A gloomy economic outlook is leading analysts to favour defensive commodities over cyclicals this year.
Some commodities look better this year
A gloomy economic outlook is leading analysts to favour defensive commodities over cyclicals this year. Hussein Allidina, the head of commodities at Morgan Stanley in New York, said gold, agriculture and livestock were his top picks, and here he explains why.
What do investors need to keep in mind when building portfolios this year?
Given a slower GDP outlook this year, investors need to be more selective about exposure. We believe commodities with constrained supply will outperform.
Gold has slumped more than 10 per cent this month, trading at around US$1,600 an ounce. Do you still see upside in the precious metal?

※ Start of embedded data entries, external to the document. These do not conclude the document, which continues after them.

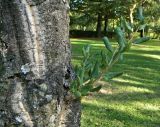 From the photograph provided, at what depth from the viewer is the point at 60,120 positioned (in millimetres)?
1595

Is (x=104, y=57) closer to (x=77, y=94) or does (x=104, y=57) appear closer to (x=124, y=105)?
(x=77, y=94)

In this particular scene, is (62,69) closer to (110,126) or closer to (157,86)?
(110,126)

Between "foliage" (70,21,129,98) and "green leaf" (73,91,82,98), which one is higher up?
"foliage" (70,21,129,98)

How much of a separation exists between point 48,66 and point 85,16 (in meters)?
55.7

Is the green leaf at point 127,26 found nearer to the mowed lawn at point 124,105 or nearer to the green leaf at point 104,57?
the green leaf at point 104,57

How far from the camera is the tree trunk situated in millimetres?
1457

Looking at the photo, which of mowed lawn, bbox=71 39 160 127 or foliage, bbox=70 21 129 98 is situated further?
mowed lawn, bbox=71 39 160 127

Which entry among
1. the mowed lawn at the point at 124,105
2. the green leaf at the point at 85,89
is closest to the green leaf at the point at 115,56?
the green leaf at the point at 85,89

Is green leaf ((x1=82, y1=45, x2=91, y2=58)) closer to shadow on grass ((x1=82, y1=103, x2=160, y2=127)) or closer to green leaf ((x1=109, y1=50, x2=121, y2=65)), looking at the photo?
green leaf ((x1=109, y1=50, x2=121, y2=65))

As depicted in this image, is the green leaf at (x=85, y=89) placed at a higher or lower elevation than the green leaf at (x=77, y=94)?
higher

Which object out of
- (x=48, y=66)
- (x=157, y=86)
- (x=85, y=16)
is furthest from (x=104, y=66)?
(x=85, y=16)

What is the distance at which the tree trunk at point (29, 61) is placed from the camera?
1457mm

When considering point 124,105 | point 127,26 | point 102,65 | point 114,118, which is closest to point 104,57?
point 102,65

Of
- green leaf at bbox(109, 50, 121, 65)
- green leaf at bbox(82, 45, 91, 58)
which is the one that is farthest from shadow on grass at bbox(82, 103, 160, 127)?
green leaf at bbox(109, 50, 121, 65) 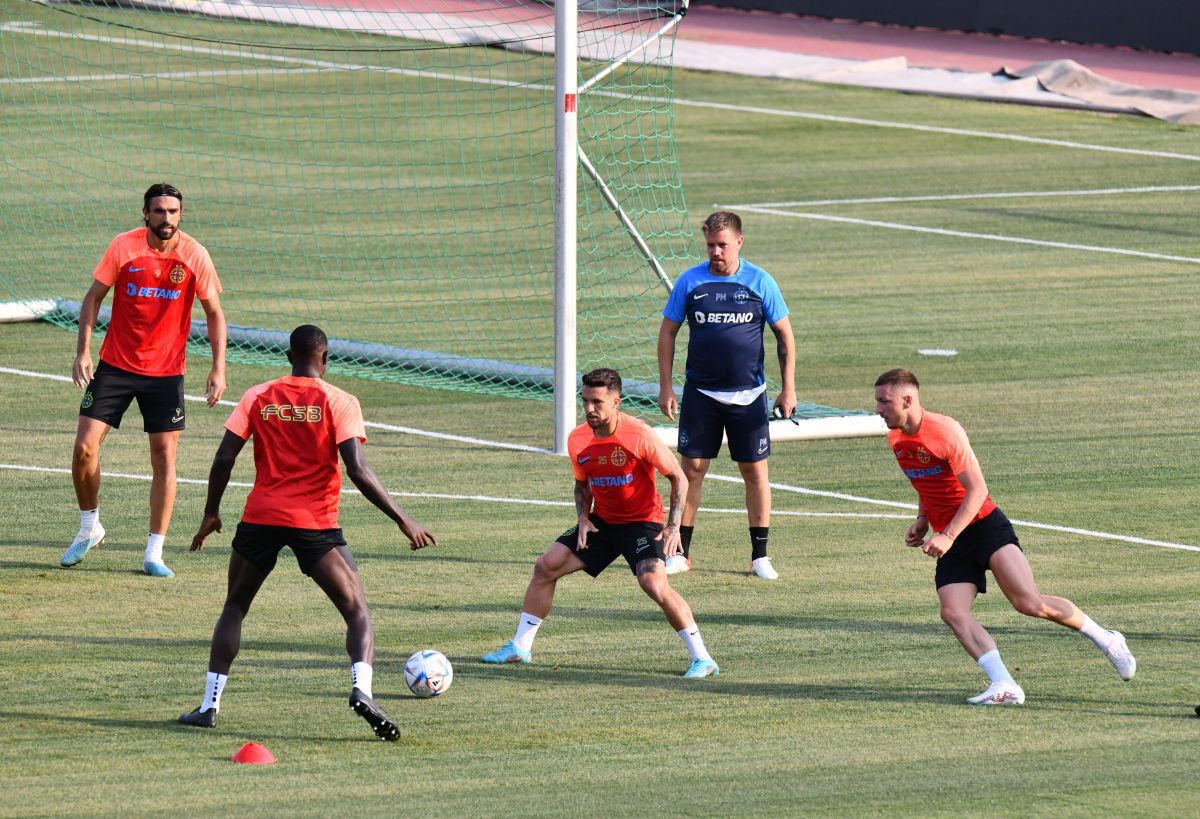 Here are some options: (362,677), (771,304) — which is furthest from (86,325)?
(771,304)

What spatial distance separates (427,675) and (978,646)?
274 cm

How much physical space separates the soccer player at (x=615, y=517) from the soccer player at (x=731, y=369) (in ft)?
6.52

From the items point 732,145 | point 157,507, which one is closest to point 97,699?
point 157,507

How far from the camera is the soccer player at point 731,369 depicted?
42.1 feet

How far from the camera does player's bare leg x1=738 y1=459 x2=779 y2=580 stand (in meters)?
12.7

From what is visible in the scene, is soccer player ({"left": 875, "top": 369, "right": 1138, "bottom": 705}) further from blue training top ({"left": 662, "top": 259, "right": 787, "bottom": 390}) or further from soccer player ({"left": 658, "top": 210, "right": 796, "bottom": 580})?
blue training top ({"left": 662, "top": 259, "right": 787, "bottom": 390})

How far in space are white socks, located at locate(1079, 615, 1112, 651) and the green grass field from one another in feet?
0.85

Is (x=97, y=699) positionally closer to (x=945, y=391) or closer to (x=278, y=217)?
(x=945, y=391)

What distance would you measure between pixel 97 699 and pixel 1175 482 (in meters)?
8.27

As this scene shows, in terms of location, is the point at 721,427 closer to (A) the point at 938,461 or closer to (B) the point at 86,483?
(A) the point at 938,461

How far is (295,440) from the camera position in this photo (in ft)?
31.8

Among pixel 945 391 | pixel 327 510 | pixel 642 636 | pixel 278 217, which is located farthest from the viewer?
pixel 278 217

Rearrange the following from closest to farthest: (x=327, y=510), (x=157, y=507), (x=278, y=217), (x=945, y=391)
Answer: (x=327, y=510) → (x=157, y=507) → (x=945, y=391) → (x=278, y=217)

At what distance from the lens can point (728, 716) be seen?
1000 cm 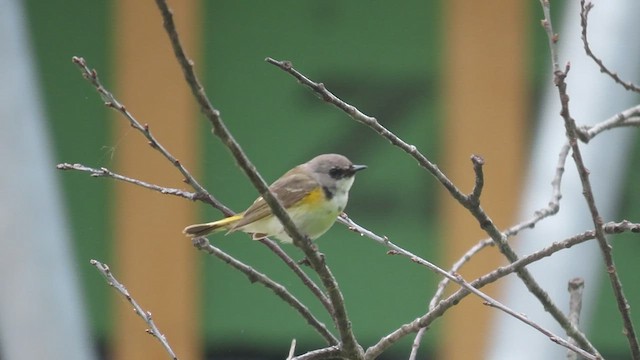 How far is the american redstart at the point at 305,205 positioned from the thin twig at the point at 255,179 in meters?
0.76

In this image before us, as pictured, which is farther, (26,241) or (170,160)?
(26,241)

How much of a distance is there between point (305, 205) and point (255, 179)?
122cm

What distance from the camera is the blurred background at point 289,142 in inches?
228

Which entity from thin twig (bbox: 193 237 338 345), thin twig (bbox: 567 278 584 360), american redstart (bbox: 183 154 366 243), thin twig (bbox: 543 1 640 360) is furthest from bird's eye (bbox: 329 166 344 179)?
thin twig (bbox: 543 1 640 360)

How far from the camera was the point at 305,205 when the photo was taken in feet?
9.39

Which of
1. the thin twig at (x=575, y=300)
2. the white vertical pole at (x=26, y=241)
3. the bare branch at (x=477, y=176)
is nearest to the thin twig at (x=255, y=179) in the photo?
the bare branch at (x=477, y=176)

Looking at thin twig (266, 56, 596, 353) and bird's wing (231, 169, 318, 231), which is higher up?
bird's wing (231, 169, 318, 231)

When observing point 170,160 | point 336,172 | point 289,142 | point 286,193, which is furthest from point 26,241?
point 289,142

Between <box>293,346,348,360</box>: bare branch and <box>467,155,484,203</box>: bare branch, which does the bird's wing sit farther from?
<box>467,155,484,203</box>: bare branch

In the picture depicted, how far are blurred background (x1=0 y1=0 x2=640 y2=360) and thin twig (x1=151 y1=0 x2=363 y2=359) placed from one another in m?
3.80

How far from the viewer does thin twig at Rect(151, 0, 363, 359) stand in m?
1.47

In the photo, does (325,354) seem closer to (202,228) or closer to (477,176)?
(477,176)

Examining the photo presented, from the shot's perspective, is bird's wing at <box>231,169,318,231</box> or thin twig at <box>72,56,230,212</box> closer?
thin twig at <box>72,56,230,212</box>

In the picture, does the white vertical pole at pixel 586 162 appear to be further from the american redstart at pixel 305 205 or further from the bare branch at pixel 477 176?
the bare branch at pixel 477 176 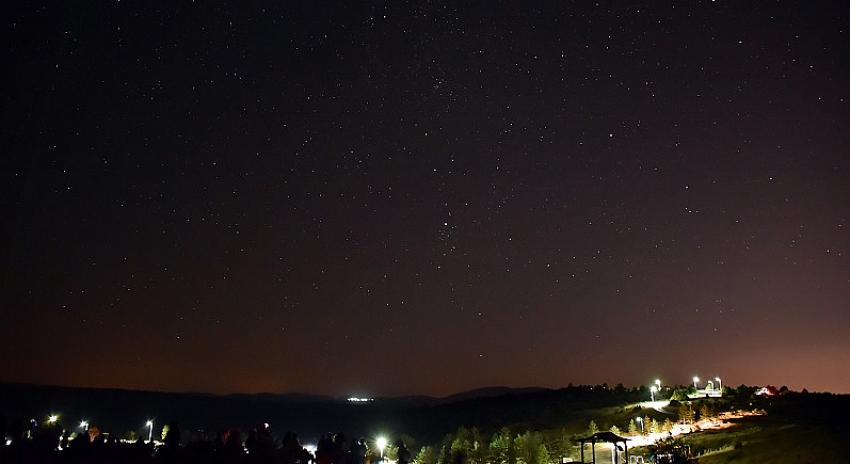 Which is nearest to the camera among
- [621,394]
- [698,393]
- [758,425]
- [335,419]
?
[758,425]

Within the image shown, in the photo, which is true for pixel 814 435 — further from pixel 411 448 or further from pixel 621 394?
pixel 621 394

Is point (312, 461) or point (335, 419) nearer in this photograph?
point (312, 461)

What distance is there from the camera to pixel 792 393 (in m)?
45.4

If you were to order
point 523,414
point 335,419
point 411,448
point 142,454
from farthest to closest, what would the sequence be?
1. point 335,419
2. point 523,414
3. point 411,448
4. point 142,454

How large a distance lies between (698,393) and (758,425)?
19834 millimetres

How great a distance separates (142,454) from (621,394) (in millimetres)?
46620

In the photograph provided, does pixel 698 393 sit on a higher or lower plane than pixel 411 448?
higher

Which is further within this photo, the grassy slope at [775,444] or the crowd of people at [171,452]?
the crowd of people at [171,452]

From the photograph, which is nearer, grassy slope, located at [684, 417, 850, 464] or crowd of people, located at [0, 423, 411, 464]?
grassy slope, located at [684, 417, 850, 464]

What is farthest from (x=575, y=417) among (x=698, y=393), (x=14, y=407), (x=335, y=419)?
(x=14, y=407)

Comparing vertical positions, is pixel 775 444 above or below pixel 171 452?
above

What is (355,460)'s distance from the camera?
24750 millimetres

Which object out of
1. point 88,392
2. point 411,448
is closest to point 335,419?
point 88,392

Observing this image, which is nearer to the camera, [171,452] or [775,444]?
[171,452] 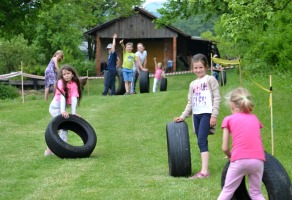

Many in the market questioned whether the movement signalled the end of the 10-year bull market for gold - we believe it does not. The defensive nature of gold should continue to support investment demand as investors look for safe havens. [Mr Allidina forecasts gold to touch $2,200 this year.]
Corn had a strong run last year. Do you expect the trend to replicate this year?
Tight US and global fundamentals leave us constructive on corn at least through the first quarter as larger livestock herds suggest higher feed demand. The development of dry weather in Argentina and Southern Brazil also bodes poorly for yields.
What is your view on soybeans? Prices rose 5.9 per cent last month.
Soybean has been supported by concerns over dry and warm weather in South America and competition from corn. Dry weather in Argentina is expected to delay double-crop soybean planting, while a lack of soil moisture could also reduce final bean yields. Similarly in Brazil, December rainfall [declined] 36 per cent and 74 per cent year-on year in the states of Mato Grosso do Sul and Paraná. The two states together produce about one fourth of Brazil's soybean crop.
Energy was the second-best performer after gold last year, with Brent up 17.5 per cent and currently trading just above $102 a barrel. Where do you see the oil price going this year?
Tight fundamentals are likely to erode this year, given recovering supply and slowing demand. We expect oil to fall in the first half to as low as $85 to $90 a barrel.